REPUBLIKA.CO.ID, MALANG -- Menteri Badan Usaha Milik Negara (BUMN) Erick Thohir mengatakan Kementerian BUMN dan seluruh BUMN telah berupaya keras mewujudkan transformasi BUMN secara menyeluruh dalam tiga tahun terakhir. Erick bersyukur transformasi membawa kinerja BUMN mengalami peningkatan yang signifikan.
"Untuk kali pertama sepanjang sejarah, Kementerian BUMN punya laporan keuangan BUMN secara konsolidasi. Laba BUMN sepanjang 2021 sebesar Rp 124,7 triliun, pada 2022 angkanya meningkat menjadi Rp 155 triliun, untuk 2022 sendiri tembus hingga Rp 303,7 triliun, ini masih unaudited," ujar Erick dalam orasi ilmiahnya saat menerima penganugerahan Doktor Honoris Causa bidang Manajemen Strategis pada Fakultas Ekonomi dan Bisnis, Universitas Brawijaya, Malang, Jawa Timur (Jatim), Jumat (3/3/2023).

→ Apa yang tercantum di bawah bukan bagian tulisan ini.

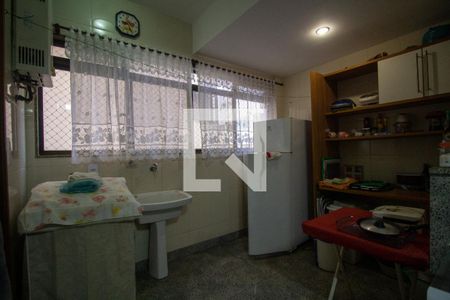 Apartamento à venda com 111m², 2 quartos e 1 vagaCozinha e Área de Serviço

Erick menegaskan kebijakan BUMN hari ini dan ke depan sebagai mission economy yang berarti beyond BUMN. Bagi Erick, BUMN bukan hanya korporasi biasa yang menghasilkan laba, melainkan juga sebagai pencipta nilai dan yang terpenting menjadi lokomotif kepentingan nasional dalam era globalisasi.
"Apa yang kita kerjakan, bukan hanya sesuai dengan harapan nasional, tapi telah masuk dalam standar global. Kebijakan transformasi BUMN kita laksanakan dalam konsep teori kebijakan publik bahwa ada kepentingan nasional di balik setiap kebijakan publik Indonesia," ucap pria kelahiran Jakarta itu.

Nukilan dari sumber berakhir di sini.